Local AI on Android - Do More On-Device with LiteRT & MediaPipe

Running ML on-device isn’t just a cool demo anymore — it’s how you ship private, fast, resilient features without praying to the network gods. Modern Android hardware is plenty capable, and the tooling around LiteRT (formerly TensorFlow Lite) and MediaPipe has matured to the point where you can add image recognition, text classification, and even AR pipelines with surprisingly little code. Here’s the practical, opinionated guide I wish more apps followed.


What “local ML” means (and where it shines)

Local ML = your model runs entirely on the device CPU/GPU/NPUs via LiteRT or MediaPipe Tasks. No server call, no streaming tensors over the wire. Sweet spots:

If you’ve got latency-sensitive UX (camera previews, autocomplete, smart replies), on-device is almost always the right default.


Why now? Devices finally caught up

Mid-range phones ship with efficient NPUs/GPUs and more RAM; Android’s NNAPI has solid coverage; LiteRT/MediaPipe add high-level Task APIs that hide the scary parts. You don’t need a research team to get excellent results. In 2025, shipping on-device is the mature, modern path — not the experimental one.


The Big Wins


Project setup (do this first)

Add dependencies.

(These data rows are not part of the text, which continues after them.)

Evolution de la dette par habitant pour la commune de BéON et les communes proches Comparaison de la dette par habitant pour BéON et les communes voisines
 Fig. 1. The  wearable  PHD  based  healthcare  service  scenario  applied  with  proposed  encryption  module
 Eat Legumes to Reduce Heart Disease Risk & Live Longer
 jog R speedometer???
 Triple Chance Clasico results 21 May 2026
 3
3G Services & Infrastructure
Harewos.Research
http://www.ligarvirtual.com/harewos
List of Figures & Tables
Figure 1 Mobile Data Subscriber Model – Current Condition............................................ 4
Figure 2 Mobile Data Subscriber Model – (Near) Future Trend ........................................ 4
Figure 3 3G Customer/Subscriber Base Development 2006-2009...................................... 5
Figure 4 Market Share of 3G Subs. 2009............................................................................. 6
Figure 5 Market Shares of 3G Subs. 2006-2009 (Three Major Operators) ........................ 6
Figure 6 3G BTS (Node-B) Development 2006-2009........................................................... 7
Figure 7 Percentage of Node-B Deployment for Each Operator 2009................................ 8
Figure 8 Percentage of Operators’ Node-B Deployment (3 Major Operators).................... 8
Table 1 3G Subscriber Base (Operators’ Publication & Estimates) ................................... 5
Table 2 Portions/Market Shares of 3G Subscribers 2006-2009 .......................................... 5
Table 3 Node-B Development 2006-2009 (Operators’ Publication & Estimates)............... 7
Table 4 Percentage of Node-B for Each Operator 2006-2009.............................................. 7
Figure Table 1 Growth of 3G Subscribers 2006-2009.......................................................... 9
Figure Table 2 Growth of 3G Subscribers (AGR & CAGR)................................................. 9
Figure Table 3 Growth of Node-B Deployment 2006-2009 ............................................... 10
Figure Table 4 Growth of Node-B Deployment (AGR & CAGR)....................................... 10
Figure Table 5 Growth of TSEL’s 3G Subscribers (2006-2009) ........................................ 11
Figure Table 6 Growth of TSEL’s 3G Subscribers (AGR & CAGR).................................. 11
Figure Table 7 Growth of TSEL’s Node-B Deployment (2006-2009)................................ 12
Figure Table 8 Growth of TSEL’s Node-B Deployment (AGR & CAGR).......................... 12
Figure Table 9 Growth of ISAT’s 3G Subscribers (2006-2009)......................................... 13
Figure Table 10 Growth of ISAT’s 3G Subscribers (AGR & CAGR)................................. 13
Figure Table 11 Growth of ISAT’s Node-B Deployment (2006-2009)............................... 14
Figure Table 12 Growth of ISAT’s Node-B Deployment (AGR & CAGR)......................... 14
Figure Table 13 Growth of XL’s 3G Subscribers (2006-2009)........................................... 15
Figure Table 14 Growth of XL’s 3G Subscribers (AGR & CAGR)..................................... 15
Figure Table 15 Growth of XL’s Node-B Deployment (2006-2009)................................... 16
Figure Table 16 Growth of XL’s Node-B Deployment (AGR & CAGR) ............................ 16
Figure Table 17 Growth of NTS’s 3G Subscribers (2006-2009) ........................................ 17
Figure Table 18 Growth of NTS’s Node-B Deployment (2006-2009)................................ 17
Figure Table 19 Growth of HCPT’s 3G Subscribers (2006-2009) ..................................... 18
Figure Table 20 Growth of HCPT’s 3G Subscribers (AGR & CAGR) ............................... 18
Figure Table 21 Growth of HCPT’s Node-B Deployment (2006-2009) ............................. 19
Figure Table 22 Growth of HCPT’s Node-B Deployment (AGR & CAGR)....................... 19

I recommend starting with the Task libraries (they wrap preprocessing/postprocessing):

dependencies {
  // Core LiteRT runtime
  implementation("org.tensorflow:tensorflow-lite:<latest>")

  // Task libraries (high-level APIs)
  implementation("org.tensorflow:tensorflow-lite-task-vision:<latest>")
  implementation("org.tensorflow:tensorflow-lite-task-text:<latest>")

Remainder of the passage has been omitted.